La imagen del pleno del Parlament, con los escaños vacíos de todos grupos de la oposición en el momento de la votación de la proclamación de la República de Catalunya, fue el fiel reflejo de un proceso que culmina de manera tortuosa e ilegal. El presidente de la Generalitat, Carles Puigdemont, es, sin duda, el primer y principal responsable de este caótico desafío al Estado que tiene un incierto futuro y que tiene como primera víctima la propia sociedad de Cataluña. Ante el gravísimo pronunciamiento catalán, el Gobierno –con un amplio aval parlamentario– ha reaccionado con contundencia cesando al presidente Puigdemont y todo su Govern, además de convocar para el próximo 21 de diciembre nuevas elecciones autonómicas.

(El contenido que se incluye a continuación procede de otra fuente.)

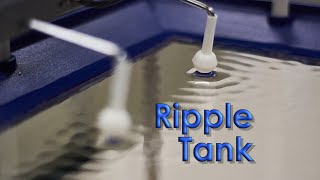 Ripple Tank showing superposition constructive and destructive interference [upl. by Castora272]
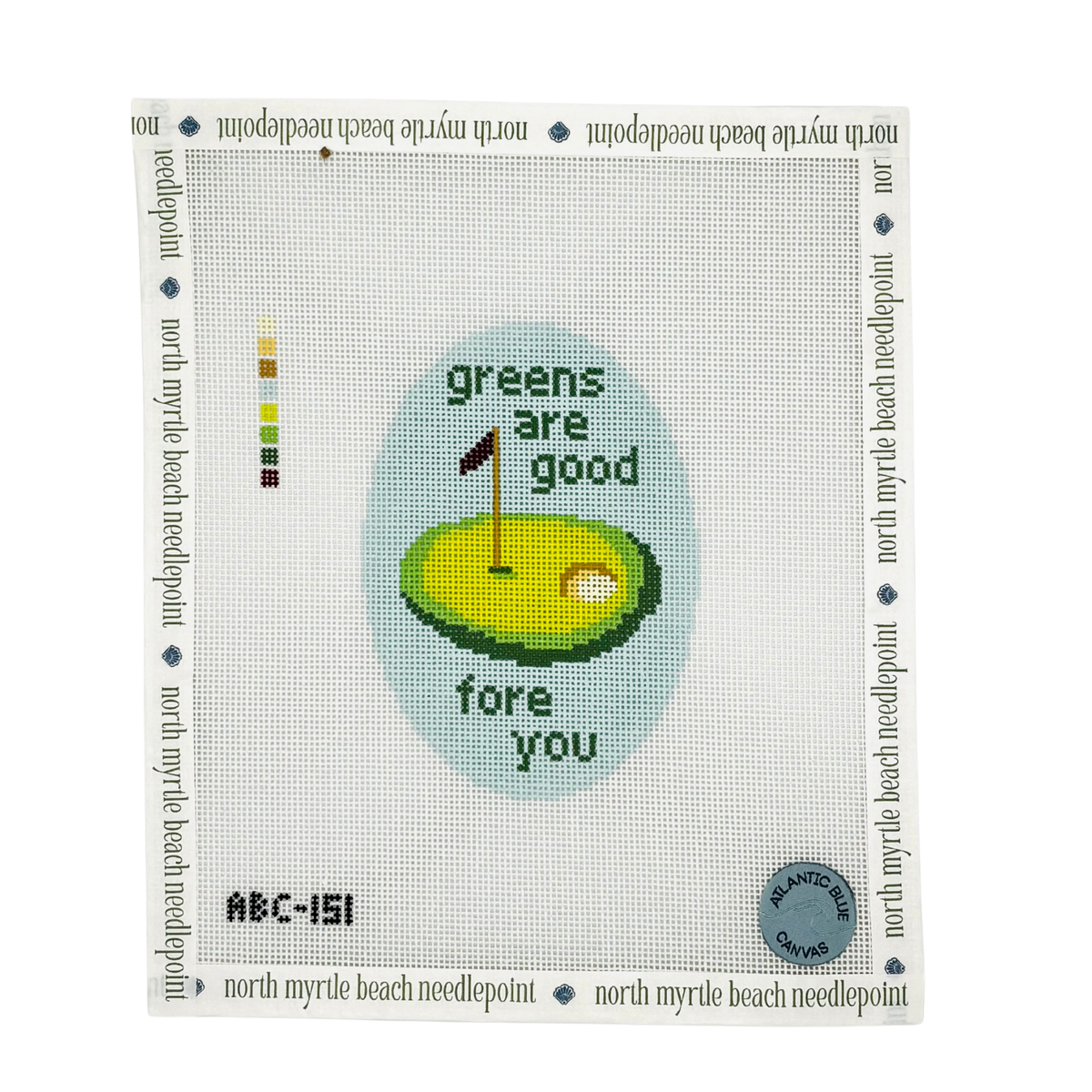 Greens are Good Fore You - Atlantic Blue Canvas
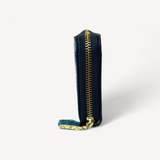Carteira Gucci em Couro Monograma Azul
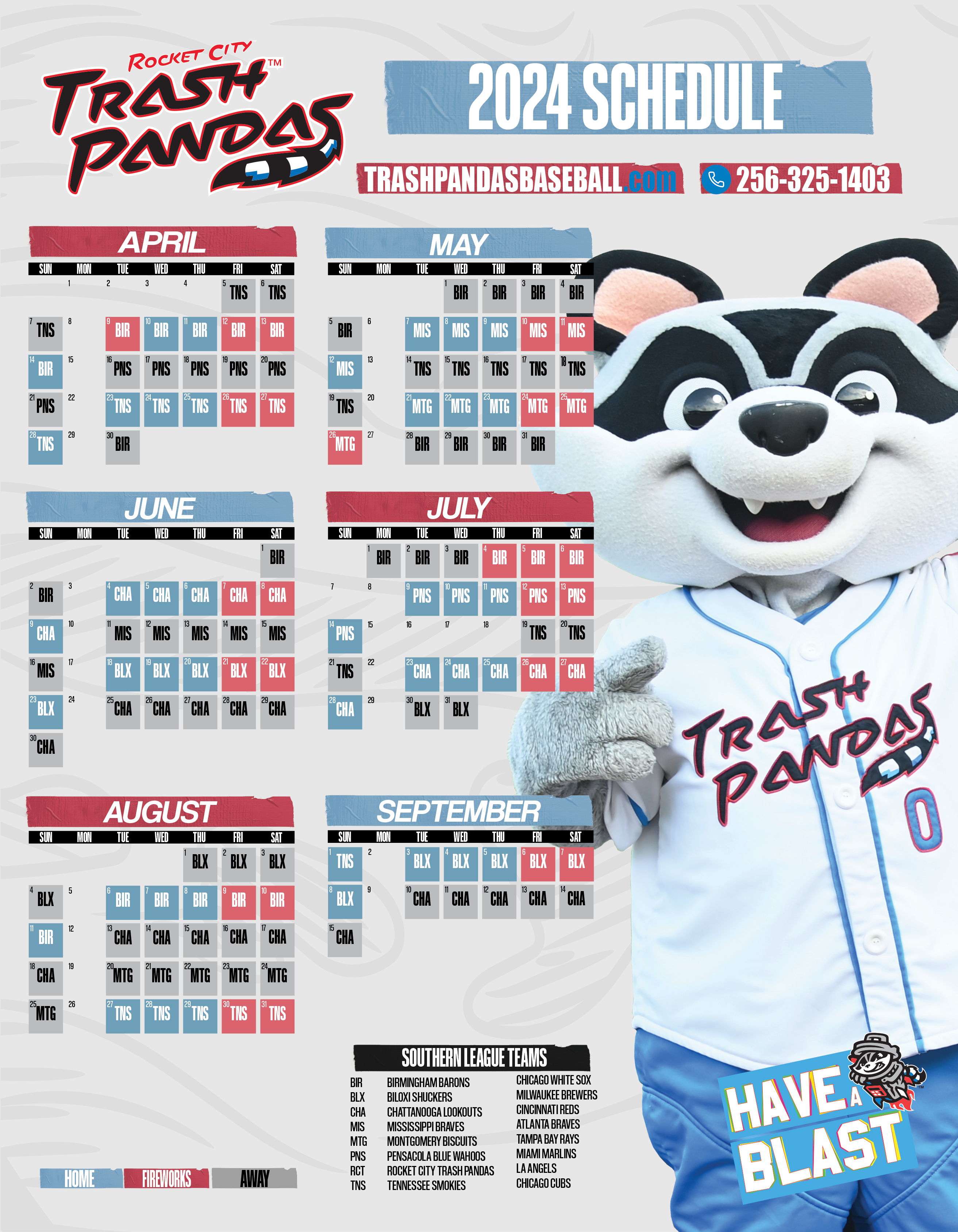 This TV, Rocket City Trash Pandas home games now available on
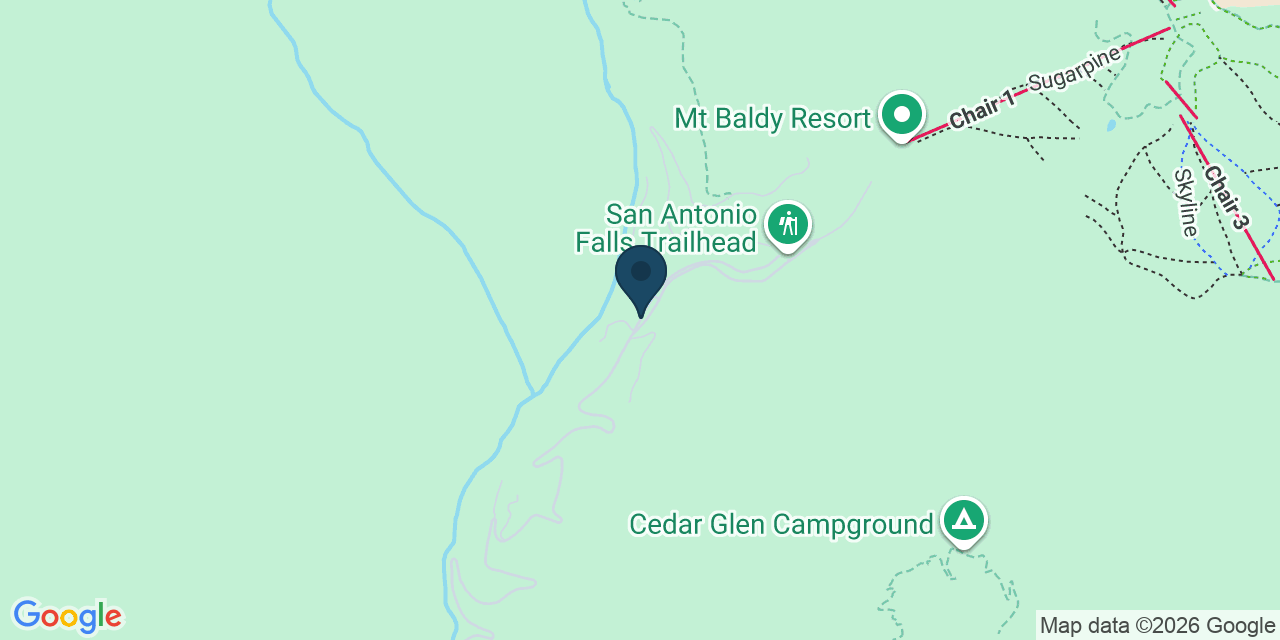 Map showing Mount Baldy, San Bernardino County, CA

Una salida al conflicto. Rajoy anuncia las elecciones que veinticuatro horas antes debía haber convocado Puigdemont, una decisión no exenta de riesgos, pero que coge con el pie cambiado al independentismo catalán. Las urnas, desde la más estricta legalidad, son la única y mejor vía de escape a toda la tensión acumulada en el conflicto catalán. Éste ha sido un análisis negado de manera obstinada desde la Generalitat, y sus socios, en una actitud consciente de que con los precedentes creados con el 1-0 puede esfumarse la ajustada ventaja que tienen frente a las fuerzas constitucionales en el Parlament.

Volver a la legalidad. Cataluña, sus instituciones, debe regresar a la legalidad constitucional –entre otras razones porque su proclamada república no cuenta con apoyos internacionales que la reconozcan como nuevo estado–, una tarea compleja que pondrá a prueba la habilidad del Gobierno. El cese de las autoridades de la Generalitat son el primer paso de un paquete de medidas que incluyen unos comicios. Todo indica que el presidente Mariano Rajoy ha optado, con acierto, por una intervención contundente y rápida en las instituciones catalanas para no prolongar el período de incertidumbre que ahora, necesariamente, queda abierto.